На острове найдены два больших полуистлевших оленьих рога. Когда здесь были олени и как они сюда попали, сказать трудно. Могли быть занесены вместе со льдами. На всем пройденном экспедицией пути никаких следов оленей, кроме кости, найденной на берегу залива Сталина, да этих рогов, пока не обнаружено.

30/VII. Остров Голомянный. К западу от острова море вскрыто. Пловучие льды в 3 балла. На воде много нерп, часто показываются морские зайцы. На берегу много свежих следов медведей. На острове обнаружена гнездовка белых полярных чаек. Всего около 100 гнезд. Многие птенцы уже бегают; есть, вероятно, только что вылупившиеся: в одном гнезде обнаружены еще яйца. Видны поморники. Добыто два морских зайца.

31/VII. База экспедиции. В прибрежных трещинах появилось много сайки.

31/VII. Остров Голомянный. Обнаружена вторая гнездовка белых полярных чаек. Из моря слышно дыхание белух.

1/VIII. Там же. Добыт медведь.

2/VIII. Там же. Добыт морской заяц и одна нерпа.

3/VIII. Там же. Добыт морской заяц.

5/VIII. База экспедиции. Добыто две нерпы.

8/VIII. Остров Голомянный. Добыто три медведя.

9/VIII. Там же. Добыто два морских зайца.

10/VIII. Северо-западная оконечность острова Домашнего. Добыт медведь.

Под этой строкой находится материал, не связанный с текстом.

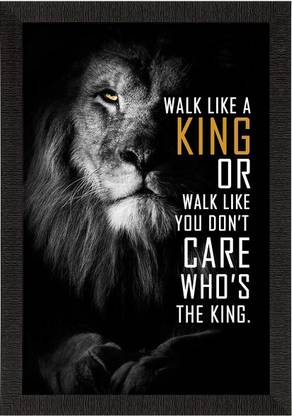 eCraftIndia "Walk like a King" Motivational Quote Satin Matt Texture UV Art Painting Canvas 14 inch x 10 inch Painting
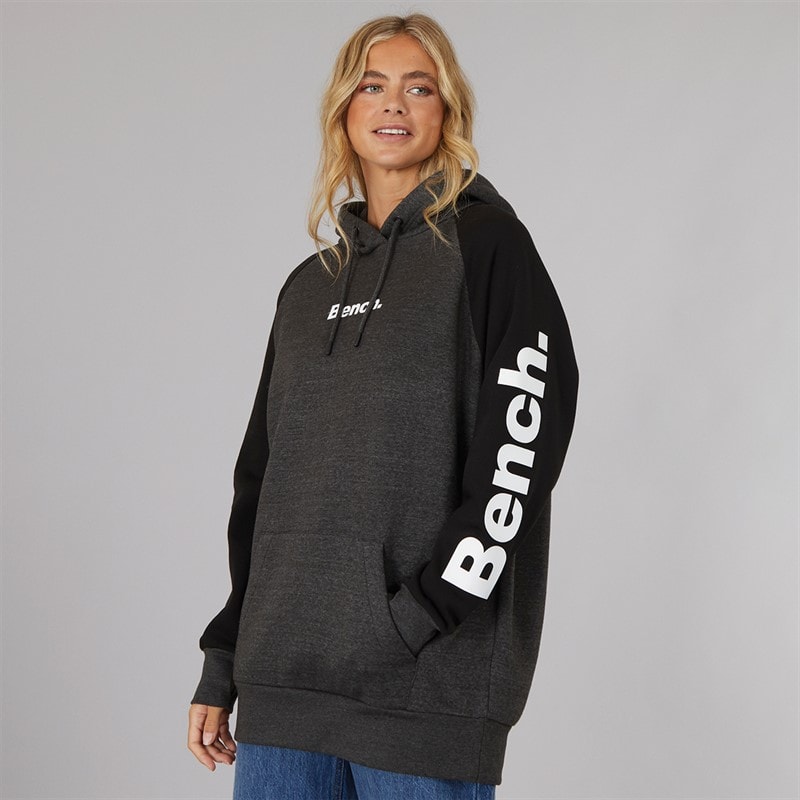 Bench Womens Halo Oversized Hoodie Charcoal Marl/Black - Image 1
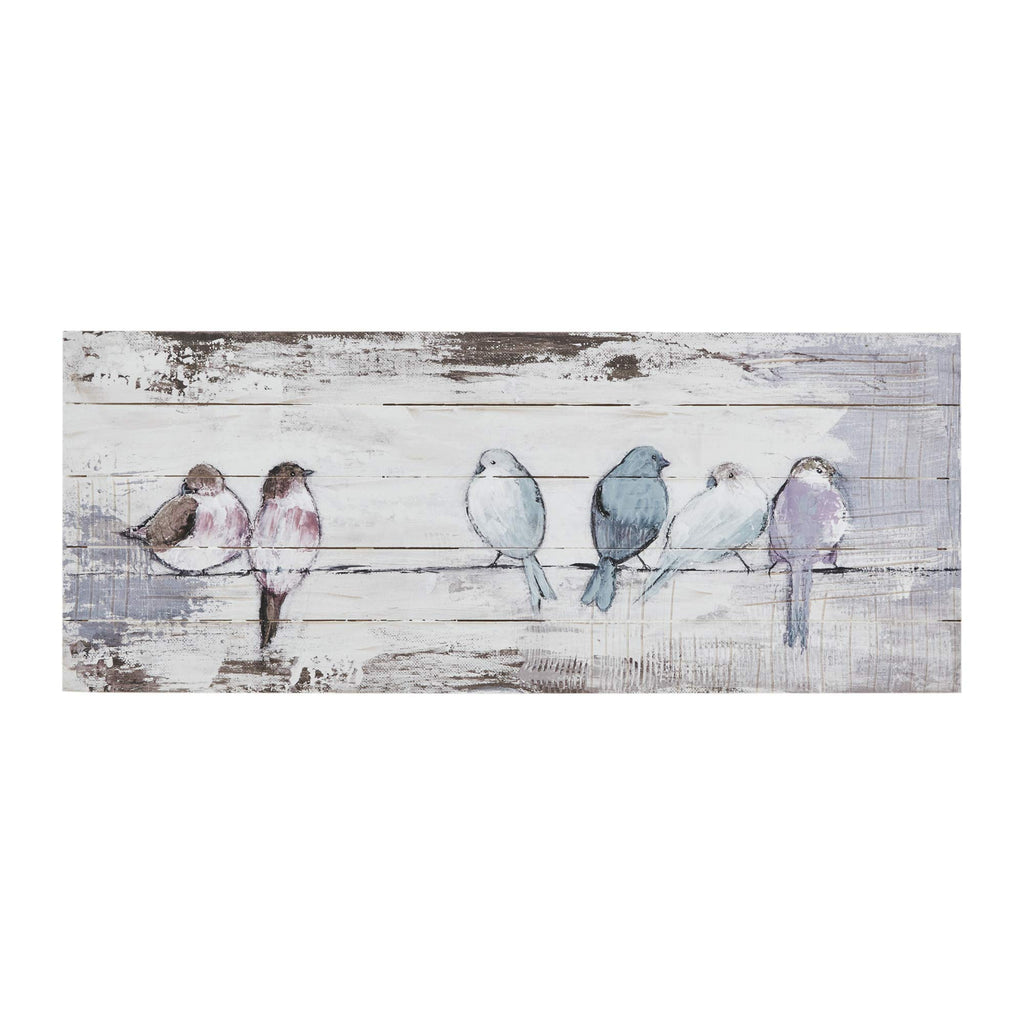Perched Birds Wall Art Living Room Décor - Hand Painted Wood Plank, Home Accent Farmhouse Bathroom Decoration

12/VIII. Остров Голомянный. Добыт медведь. На гнездовке белых полярных чаек много полуоперившихся птенцов (на взлете), но есть и совсем маленькие, не выходящие еще из гнезд. Первые при виде человека разбегаются в разные стороны, а взрослые птицы, стараясь согнать их в одну стаю, одинаково заботятся обо всей молоди.

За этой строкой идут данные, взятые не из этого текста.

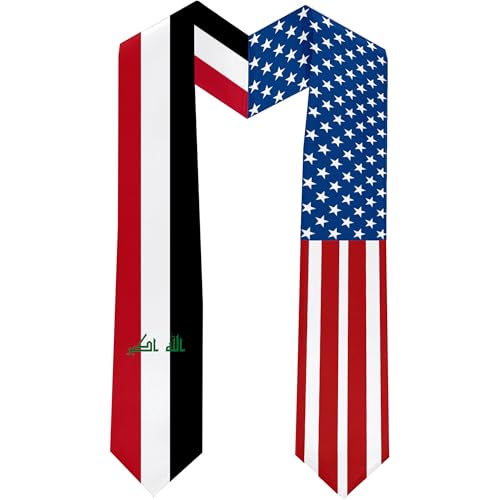 2025 Iraq Flag and USA Flag Graduation Stole Graduation Sash for International Student (Baccalaureate Gown and Hat Not Included)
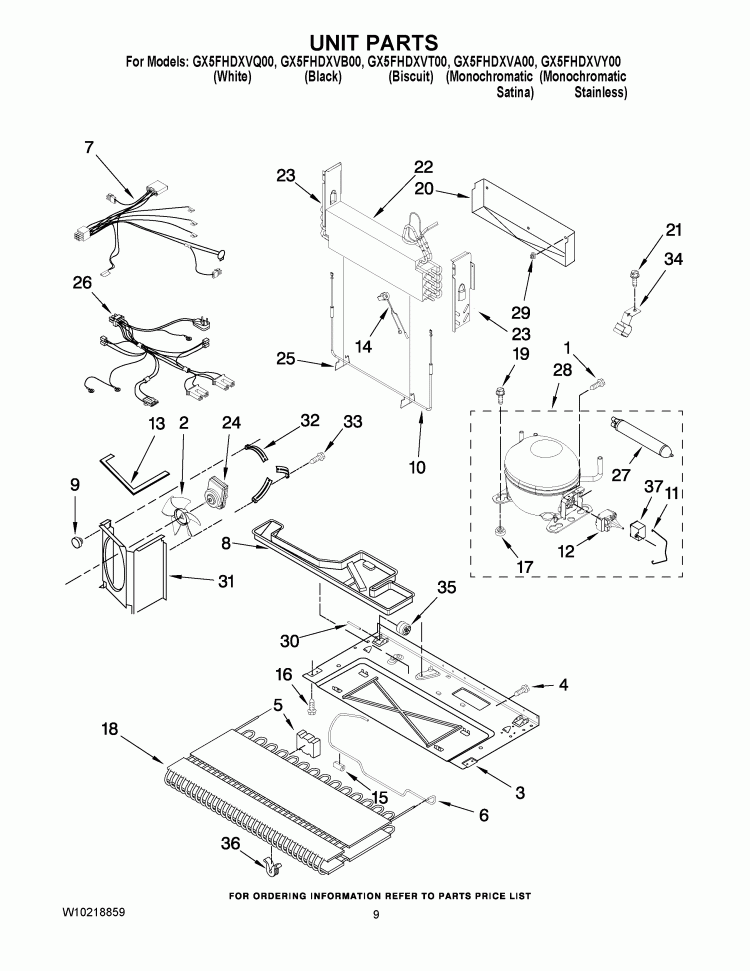 UNIT PARTS Diagram and Parts List for  Whirlpool Refrigerator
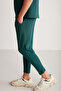 Nıcolas Men's Technical Thick Flexible Fabric Slim Fit Green Sweatpants with Zippered Legs - 2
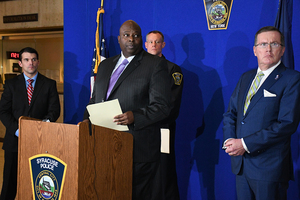 Syracuse police spokesperson Sgt. Matthew Malinowksi (left), Chief Kenton Buckner, Lt. David Brown and District Attorney William Fitzpatrick answered questions about Boeheim's fatal crash on Interstate 690.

13/VIII. Остров Голомянный. Добыт один медведь.

14/VIII. Там же. Добыт морской заяц.

14/VIII. База экспедиции. Добыт медведь.

15/VIII. Остров Голомянный. Добыт один медведь, один морской заяц и одна нерпа. На льду показывались три медведя. Близко от берега прошло небольшое стадо (50–60 особей) белух и стадо гренландских тюленей-лысунов (60–70). Наблюдался необычайно большой подход морских зайцев, много нерп. По всем признакам, зверь шел за рыбой. Часто видим чаек, дерущихся из-за какой-то мелкой рыбешки (повидимому, сайка). Появились молодые моевки и бургомистры.